Üçok, "Sayın Başbuğ'un dönemi, kanaatimce,
Türk Silahlı Kuvvetleri tarihinde, personelinin en acımasız hukuksuzluklara, aşağılanmalara ve zulümlere maruz kaldığı dönem olmuştur" dedi.
Birleşen
Balyoz davasının
tutuklu sanığı hakim
Albay Ahmet
Zeki Üçok dinlendi.
Üçok, suçlamaları kabul etmedi.
İstanbul 11. Ağır
Ceza Mahkemesinde görülen, "Sahte
çürük raporu" davası kapsamında da yargılanan Üçok'un hakkındaki iddialara
cevap verdi.
HAKİM, SANIK ÜÇOK'U UYARDI
Beşiktaş'da bulunan CMK'nın 250. maddesiyle görevli
mahkemeleri ve kararlarını da eleştiren Üçok, "Beşiktaş
Adliyesi'nde görev yapan hakim ve savcılar kendilerini Türkiye'deki bütün mahkemelerden hatta Yargıtay'dan bile üstün görmektedirler" şeklinde konuştu. Bu sözler üzerine mahkeme başkanı
Ömer Diken de, "Savunma sınırlarını aşarak
hakaret ediyorsun. Bizi
hedef alamazsın. Siz burada hakim ve savcıları hedef alamazsınız" diyerek
sanık Üçok'u uyardı. Bu uyarı üzerine Üçok'da kimseye hakaret etmediğini belirterek", "
Hakim ve savcıların görevle ilgili maddeleri dikkate almadıklarını söyledim" diye cevap verdi.

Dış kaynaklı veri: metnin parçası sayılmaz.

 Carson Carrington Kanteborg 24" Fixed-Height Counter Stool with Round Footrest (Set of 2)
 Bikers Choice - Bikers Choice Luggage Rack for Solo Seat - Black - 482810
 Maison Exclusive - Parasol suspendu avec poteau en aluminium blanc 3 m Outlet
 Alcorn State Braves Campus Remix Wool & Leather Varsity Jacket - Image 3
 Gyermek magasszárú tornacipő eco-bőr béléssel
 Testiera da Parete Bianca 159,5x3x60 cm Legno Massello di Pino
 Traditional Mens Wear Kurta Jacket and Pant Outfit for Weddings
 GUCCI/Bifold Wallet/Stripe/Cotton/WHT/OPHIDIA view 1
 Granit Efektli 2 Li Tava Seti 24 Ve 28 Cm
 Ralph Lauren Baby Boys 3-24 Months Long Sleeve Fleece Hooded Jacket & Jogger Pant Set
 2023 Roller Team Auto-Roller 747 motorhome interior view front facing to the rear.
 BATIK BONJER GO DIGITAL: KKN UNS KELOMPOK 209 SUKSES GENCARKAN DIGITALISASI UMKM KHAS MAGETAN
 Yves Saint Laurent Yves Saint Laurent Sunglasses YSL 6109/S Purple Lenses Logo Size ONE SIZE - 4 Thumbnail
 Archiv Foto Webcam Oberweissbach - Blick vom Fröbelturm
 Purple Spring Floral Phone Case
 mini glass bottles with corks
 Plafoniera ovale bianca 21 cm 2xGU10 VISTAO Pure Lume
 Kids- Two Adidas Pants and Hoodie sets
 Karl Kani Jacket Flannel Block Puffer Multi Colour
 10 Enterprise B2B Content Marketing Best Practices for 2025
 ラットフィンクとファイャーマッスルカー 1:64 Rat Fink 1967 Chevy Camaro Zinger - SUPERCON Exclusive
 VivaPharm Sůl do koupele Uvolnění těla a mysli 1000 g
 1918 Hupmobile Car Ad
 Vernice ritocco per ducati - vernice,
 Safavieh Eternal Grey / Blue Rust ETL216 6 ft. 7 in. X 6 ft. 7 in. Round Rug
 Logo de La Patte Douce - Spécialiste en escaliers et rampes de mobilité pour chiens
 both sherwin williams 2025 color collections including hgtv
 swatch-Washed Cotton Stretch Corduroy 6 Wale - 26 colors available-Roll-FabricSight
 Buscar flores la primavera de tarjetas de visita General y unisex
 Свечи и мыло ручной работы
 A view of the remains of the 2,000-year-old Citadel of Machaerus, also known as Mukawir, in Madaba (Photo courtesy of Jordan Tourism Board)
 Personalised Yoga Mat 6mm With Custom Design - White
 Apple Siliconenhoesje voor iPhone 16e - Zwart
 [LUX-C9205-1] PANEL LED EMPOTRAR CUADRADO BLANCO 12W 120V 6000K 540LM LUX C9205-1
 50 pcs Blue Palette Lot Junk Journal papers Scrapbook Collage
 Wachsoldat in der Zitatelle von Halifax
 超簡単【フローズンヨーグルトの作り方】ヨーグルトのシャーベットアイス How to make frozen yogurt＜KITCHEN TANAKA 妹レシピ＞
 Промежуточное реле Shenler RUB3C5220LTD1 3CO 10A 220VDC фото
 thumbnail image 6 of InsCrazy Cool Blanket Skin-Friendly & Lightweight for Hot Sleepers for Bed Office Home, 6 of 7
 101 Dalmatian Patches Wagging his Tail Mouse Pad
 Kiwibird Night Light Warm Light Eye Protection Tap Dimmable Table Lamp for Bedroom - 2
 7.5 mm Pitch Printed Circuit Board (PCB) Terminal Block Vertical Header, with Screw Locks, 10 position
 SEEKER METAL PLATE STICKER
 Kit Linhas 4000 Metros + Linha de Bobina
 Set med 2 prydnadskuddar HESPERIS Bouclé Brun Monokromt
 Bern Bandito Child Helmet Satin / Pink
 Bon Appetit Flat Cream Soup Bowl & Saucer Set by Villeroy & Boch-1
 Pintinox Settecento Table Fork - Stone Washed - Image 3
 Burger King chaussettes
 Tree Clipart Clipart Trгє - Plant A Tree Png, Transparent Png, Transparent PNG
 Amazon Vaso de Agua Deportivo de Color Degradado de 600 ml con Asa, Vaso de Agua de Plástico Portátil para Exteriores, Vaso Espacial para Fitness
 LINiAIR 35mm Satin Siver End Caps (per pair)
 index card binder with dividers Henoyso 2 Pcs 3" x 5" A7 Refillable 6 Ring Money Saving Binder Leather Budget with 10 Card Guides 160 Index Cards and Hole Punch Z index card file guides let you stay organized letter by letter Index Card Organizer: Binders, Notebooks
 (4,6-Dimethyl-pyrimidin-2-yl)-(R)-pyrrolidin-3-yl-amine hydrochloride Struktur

ÜÇOK ESKİ GENELKURMAYBAŞKANLARINI ELEŞTİRDİ
Ahmet Zeki Üçok, dönemin eski
Genelkurmay Başkanları
Yaşar Büyükanıt ve
İlker Başbuğu sert sözlerle eleştirdi.
"İDDİA DOĞRUYSA BAŞBUĞ KAHRAMAN ASKERLERİNİ SATMIŞ DEMEKTİR"
Üçok, "Sayın
Yaşar Büyükanıt ve
İlker Başbuğ döneminde, askeri yargının en temel kanunlarında değişiklik yapılmıştır. Böylece askeri mahkemelerin bütün yetkileri elinden alınmış ve adeta görev yapamaz hale getirilmeye çalışılmışlardır. Meydana gelen olumlu görev uyuşmazlıklarının kesin çözümü için, Uyuşmazlık Mahkemesine gidilerek gerçek görevli mahkemelerin tespit edilebilmesine olanak sağlanmasını istedim. Fakat dönemin Sayın
Genelkurmay Başkanı İlker Başbuğ tarafından, bu önerilerimin hiç birisi dikkate alınmamıştır. Görevsiz ve yetkisiz
sivil savcılıklar ve mahkemelerce yürütülen
soruşturmalar ve kovuşturmaların hiçbirisi ile ilgili olarak askeri savcılıklara soruşturma emri verilmemiştir. Hatta, ne acıdır ki, kendisine gönderdiğim mektubum, bir gazetede yayımlanmıştır. Kaderin ne acı oyunudur ki, yüzlerce askerin tutuklanmasına katkıda bulunan Genelkurmay Adli Müşaviri de, benzer suçlamalara maruz kalmış ve tutuklanarak
Hasdal Cezaevine konulmuştur. Arkadaşları tarafından kendisine, niçin ısrarla askeri yargının bu sürecin dışında tutulduğu ve gerçek görevli mahkemelerin tespit edilebilmesi için Uyuşmazlık Mahkemesine gidiş yolunun engellendiği sorulmuştur. Kendisi, Hasdal'da tutuklu bulunan arkadaşlarına, bu hususta dönemin Genelkurmay Başkanı olan İlker Başbuğ'un emir verdiğini ve askeri yargının bu sürecin dışında tutulmasını istediğini söylemiştir. Eğer bu doğru ise,Türk Silahlı Kuvvetleri'nin başkomutanı olan İlker Başbuğ, generallerini, amirallerini, subaylarını, astsubaylarını verdiği emirler doğrultusunda hiç çekinmeden hayatlarını feda eden bu kahraman askerlerini satmış demektir" ifadelerini kullandı.